> _Information supplied_
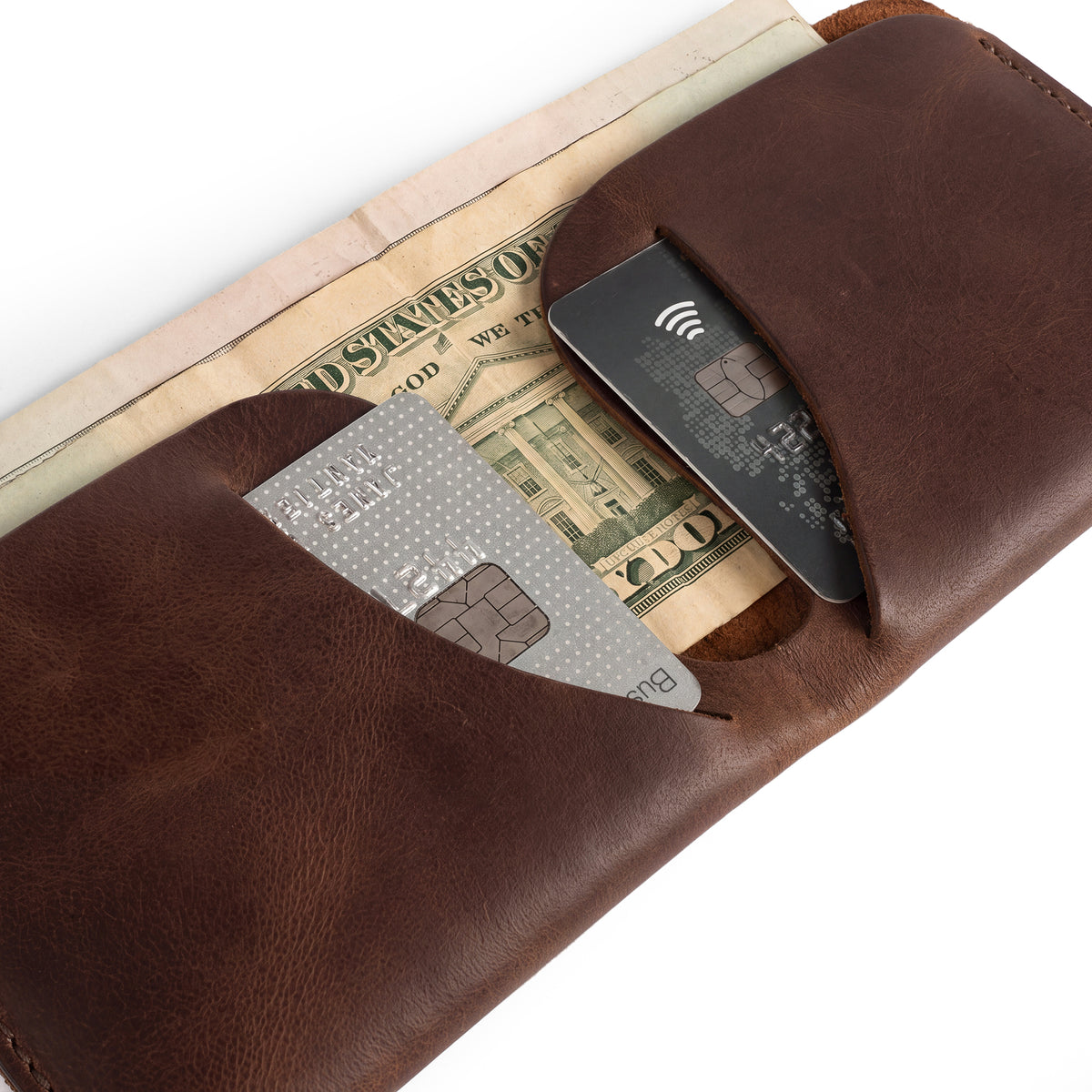 Open view of the Hide & Drink Minimal Wallet, featuring its practical design as a Full Grain Leather Classic Slimfold Wallet. A perfect Card Organizer Holder and Travel Accessory, this handmade piece represents Small Batch Production by artisans in La Antigua Guatemala & Oaxaca Mexico, with unique Hand Cut and Hand Sewn qualities.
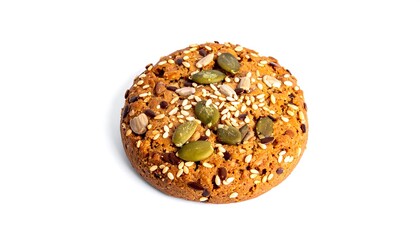 A single, round, golden-brown cookie with various seeds on top, against a plain white backdrop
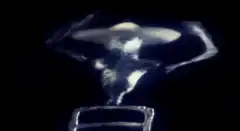 Ghostly figure with hands on head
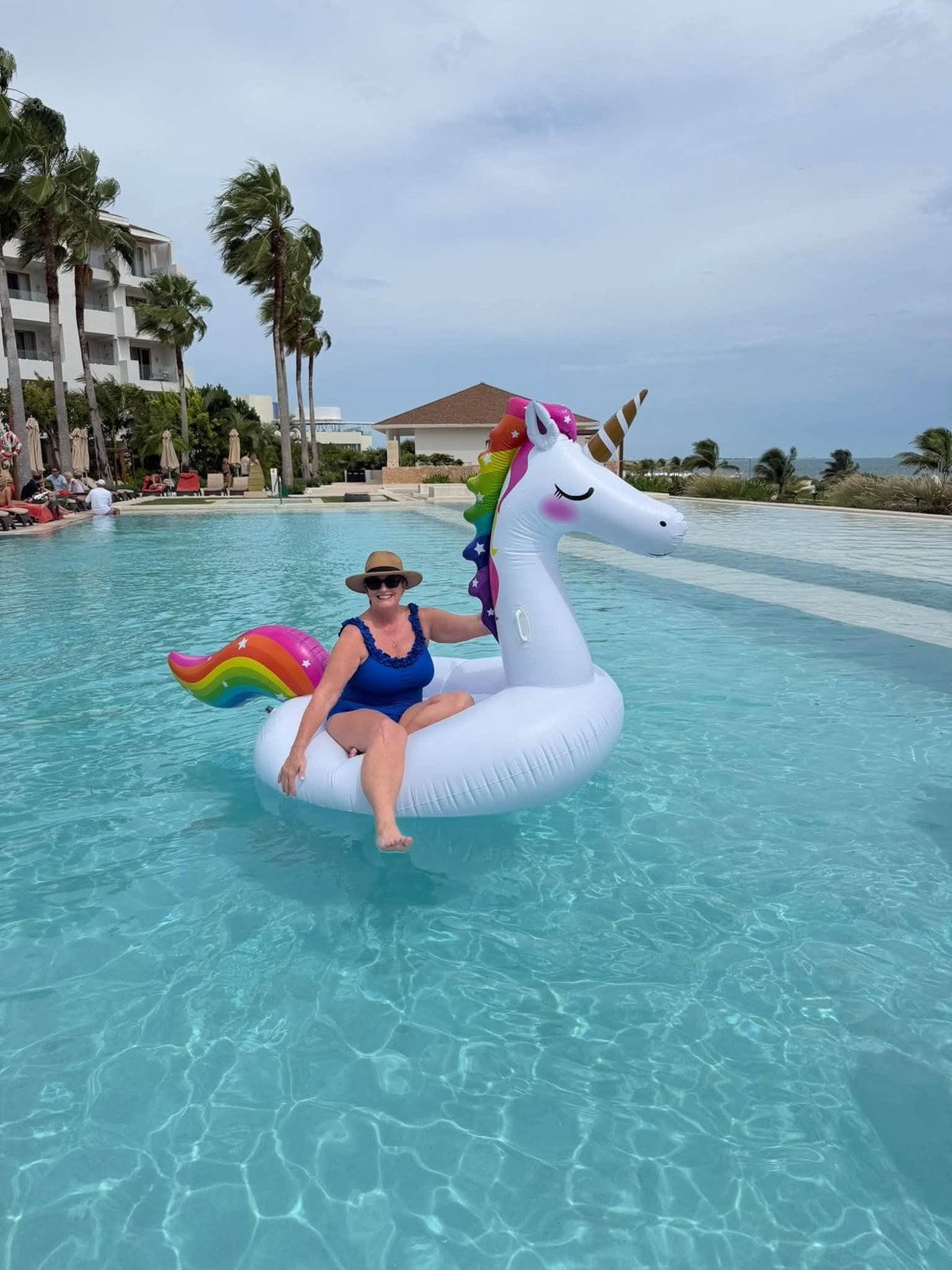 Relaxing on the giant inflatable unicorn in the crystalline resort lagoon pool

> _Try it_
Retype the data above in full, exactly as it stands, and skip any image.

> _Final answer_
 Open view of the Hide & Drink Minimal Wallet, featuring its practical design as a Full Grain Leather Classic Slimfold Wallet. A perfect Card Organizer Holder and Travel Accessory, this handmade piece represents Small Batch Production by artisans in La Antigua Guatemala & Oaxaca Mexico, with unique Hand Cut and Hand Sewn qualities.
 A single, round, golden-brown cookie with various seeds on top, against a plain white backdrop
 Ghostly figure with hands on head
 Relaxing on the giant inflatable unicorn in the crystalline resort lagoon pool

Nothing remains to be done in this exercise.